I just spent the five days at my semi-annual TLC (Transformational Leadership Council) event in Mexico. I come away from each of these conferences with nuggets of great information.
At this conference, one of the presentations that gave me a lot of great nuggets was from my friend, Alex Mandossian. His talk was called “Discover Your Verb.” OK, I thought it sounded a bit weird but his content is always so great, so I didn’t care – I had to be there. I’m glad I was.
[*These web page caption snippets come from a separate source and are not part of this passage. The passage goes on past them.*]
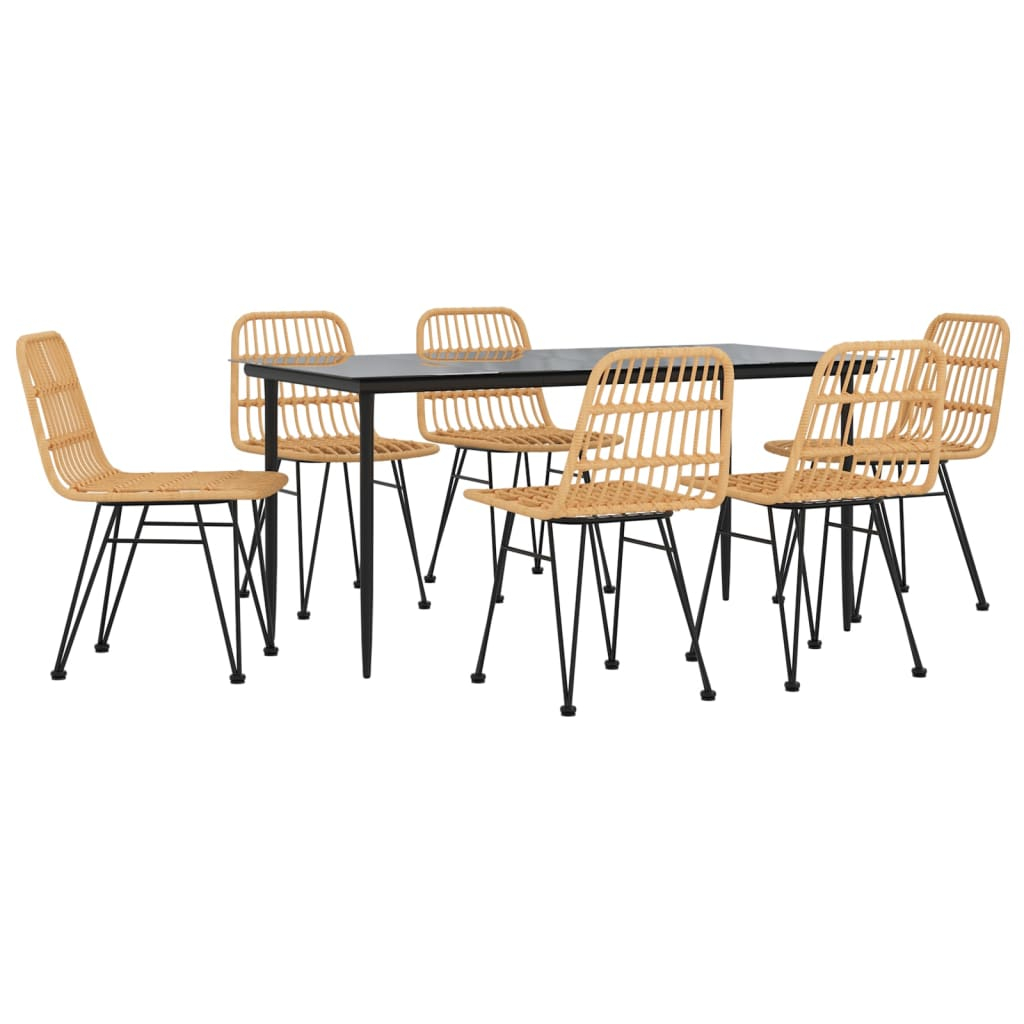 vidaXL juego de comedor de jardín 7 piezas ratán sintético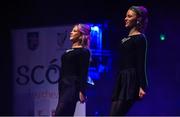 27 April 2025; The Maothail team, including Laura O' Neill, Ciara McCrann, Róisín Kennedy, Ellie O' Carolan, Amy Cosgrove, Hannah Gaffey, Ceadigh Heslin and Layla Murphy, representing Leitrim and Connacht in the Rince Foirne competition during the 2025 Scór Sinsear All-Ireland Finals at the TF Theatre in Castlebar, Mayo. Photo by Shauna Clinton/Sportsfile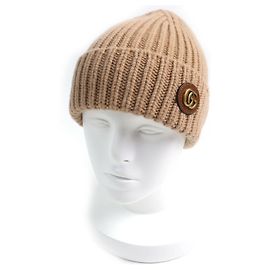 Gorro de malha de lã e caxemira com patch de couro Double G GG Marmont da Gucci Bege Camelo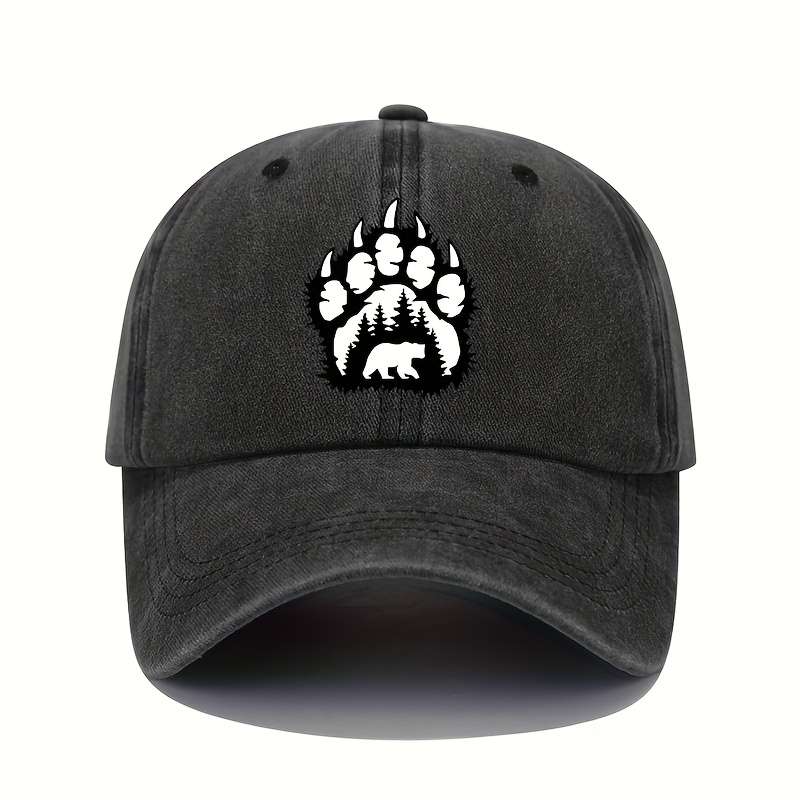 1pc Outdoor Adventures Vintage Bear Paw Print Baseball Cap Adjustable Cotton Washed Sun Hat with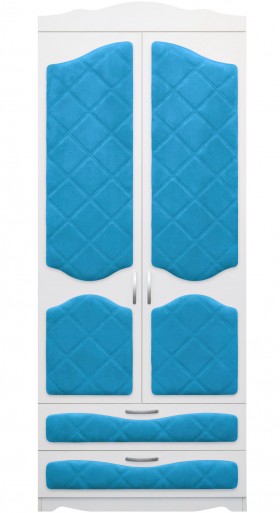 Шкаф 2-х створчатый с ящиками серии Иллюзия 84 Ярко-голубой в Вологде - vologda.katalogmebeli.com | фото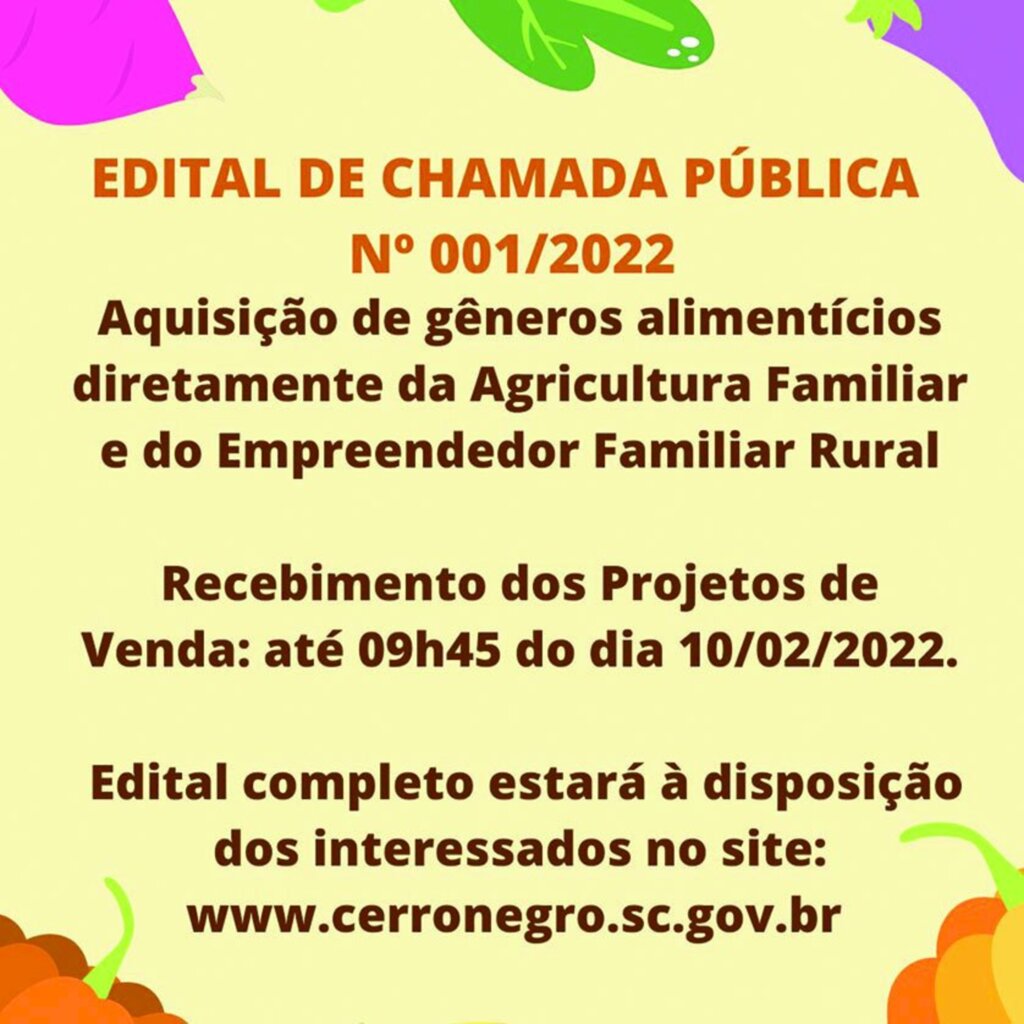 Edital de Chamada Pública nº 001/2022 - Cerro Negro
It was in fact, amazing.
In his talk he said, the “biggest lesson I’ve learned over the years is the one thing that makes a great business person and leader is: movement!”
Albert Einstein once said that “nothing happens until something moves.” This is true in business and in leadership because without movement, change is not possible.
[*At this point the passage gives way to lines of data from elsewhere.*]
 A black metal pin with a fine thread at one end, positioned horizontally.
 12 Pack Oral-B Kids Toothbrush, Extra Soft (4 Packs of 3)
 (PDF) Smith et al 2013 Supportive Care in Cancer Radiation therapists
Alex told the story of a legendary ad man, Leo Burnett from Chicago. He said that “Burnett once put his staff to the task of analyzing 62 ads that failed to move merchandise. Why did they fail? Burnett said it was due to too many adjectives because adjectives (like “extremely”) don’t move people, instead they spark skepticism and doubt in our minds. In fact, of the 12,758 words of those failed ads, 24.1% were adjectives! Translation: more adjectives means less movement.”
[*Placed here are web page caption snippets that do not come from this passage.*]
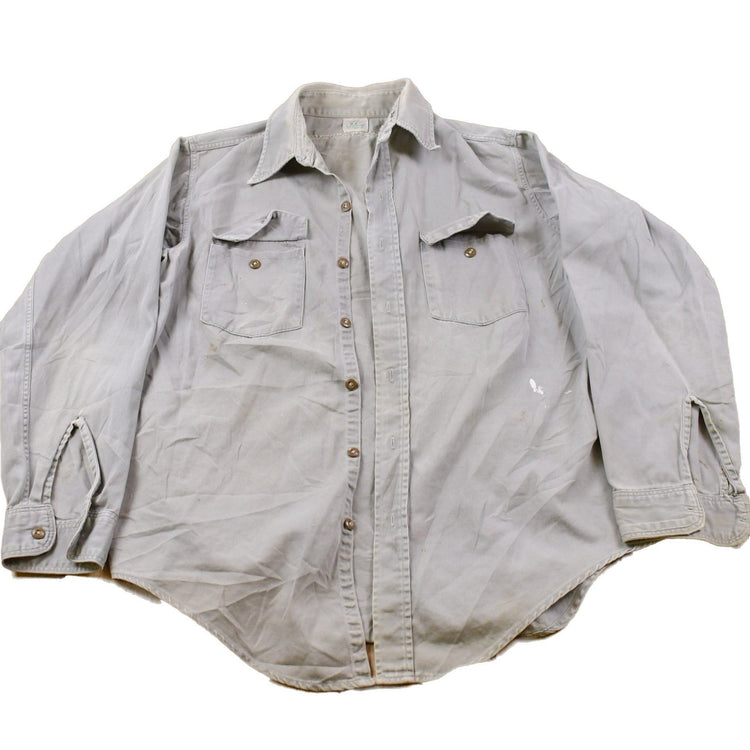 Vintage 1990s Key Imperial Paint Splatter Button Up Shirt Men's XL from propervintagecanada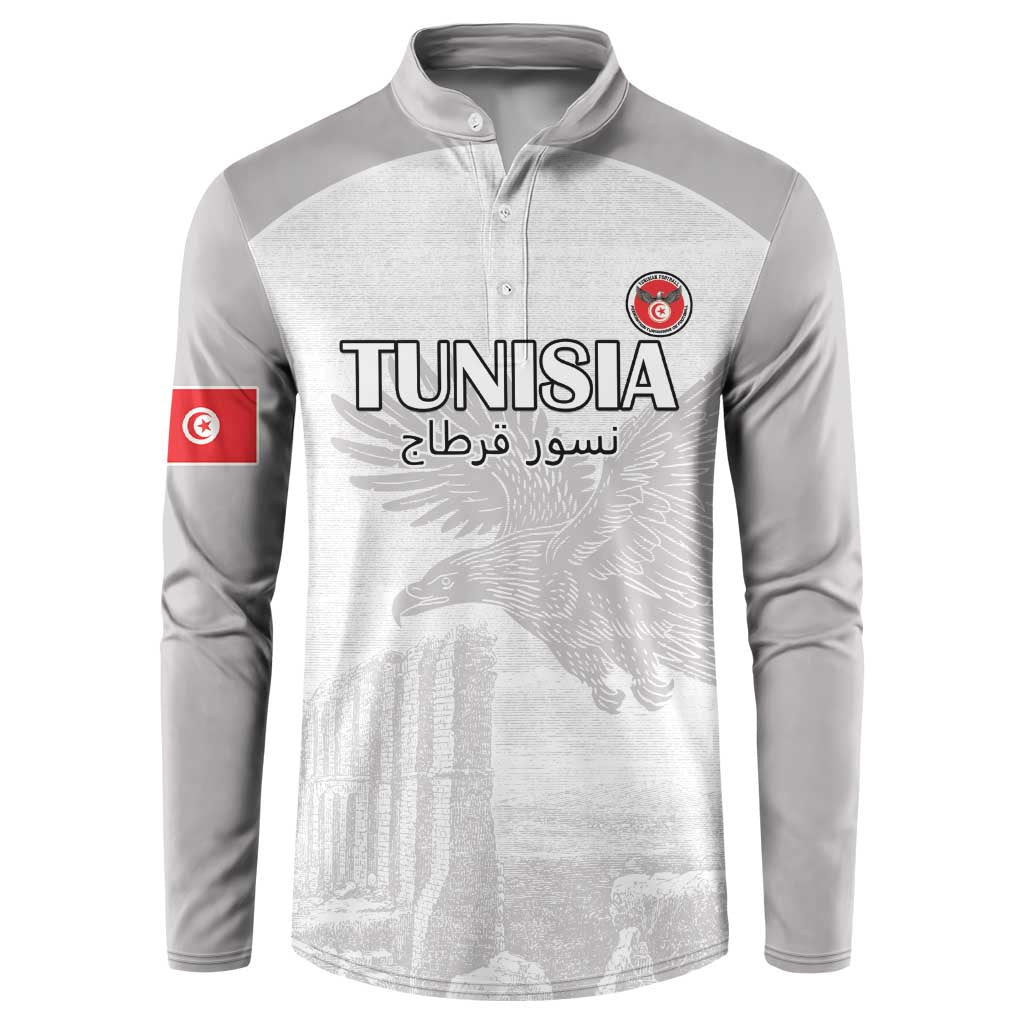 Custom Tunisia Football Button Sweatshirt White Eagles of Carthage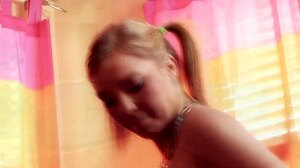 An 18 year old cheerleader in miniskirt feels every inch of her step dad's hard cock. She swallows cum in this old and young taboo scene with Ally Kay.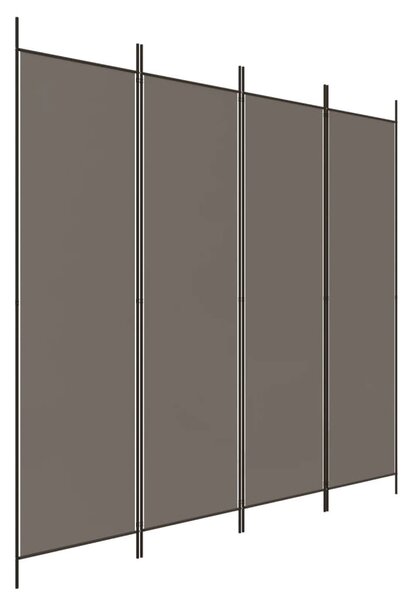 4 paneles antracitszürke szövet térelválasztó 200x200 cm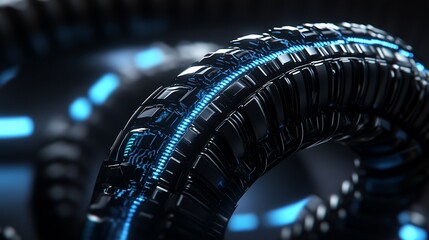 Wall Mural - futuristic black tech rings glowing blue, dark background, data visualization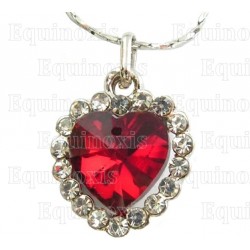 Crystal pendant – Diamond heart – Red – Silver finish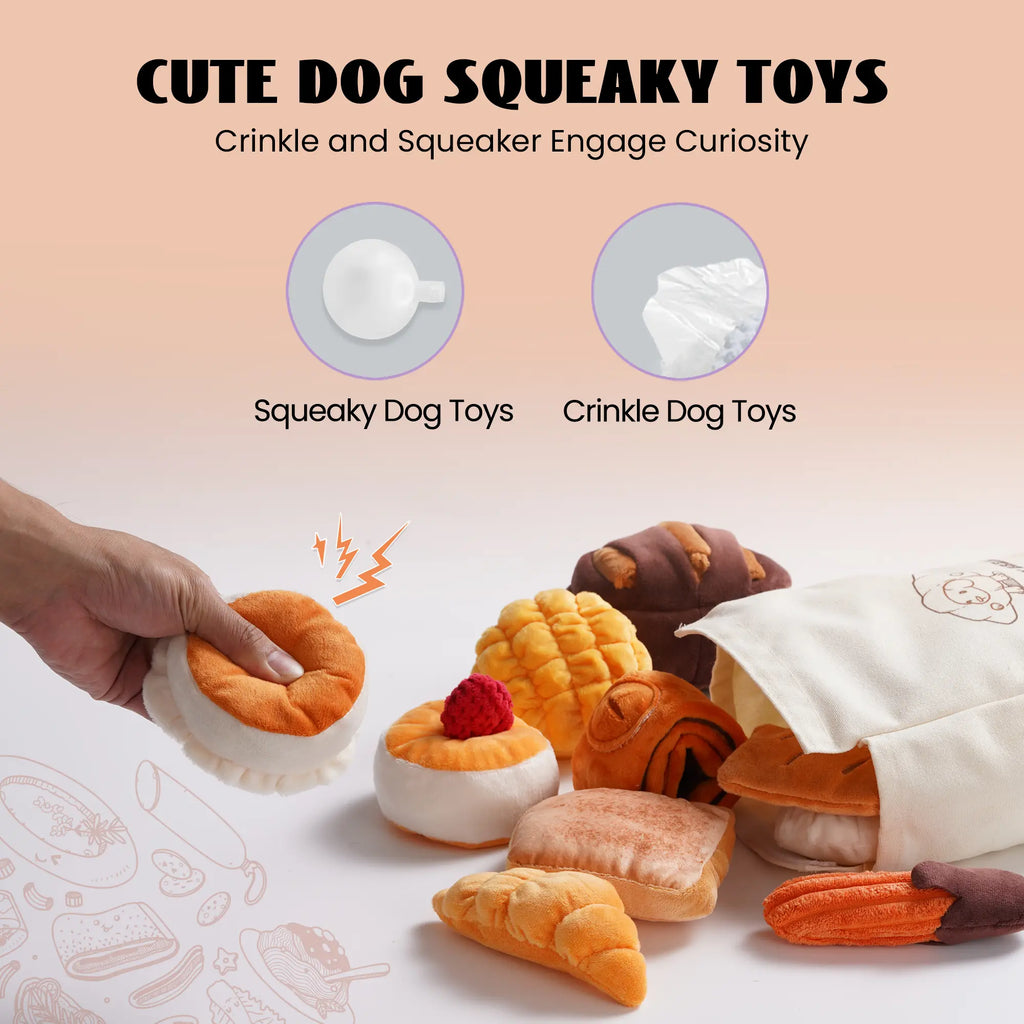 10PCS Bread Hide & Seek Dog Toy Set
Alex said that in comparison, Lincoln’s Gettysburg Address contains only 13.1% adjective-to-total-word ratio and Churchill’s “Blood, Sweat and Tears” speech has 12.3%.
If adjectives are the problem, then what is the solution? Alex said that it’s not nouns – it’s about verbs or action words.
Verbs increase persuasion power and move people according to Alex. The greatest thought leaders in history lived their lives as verbs.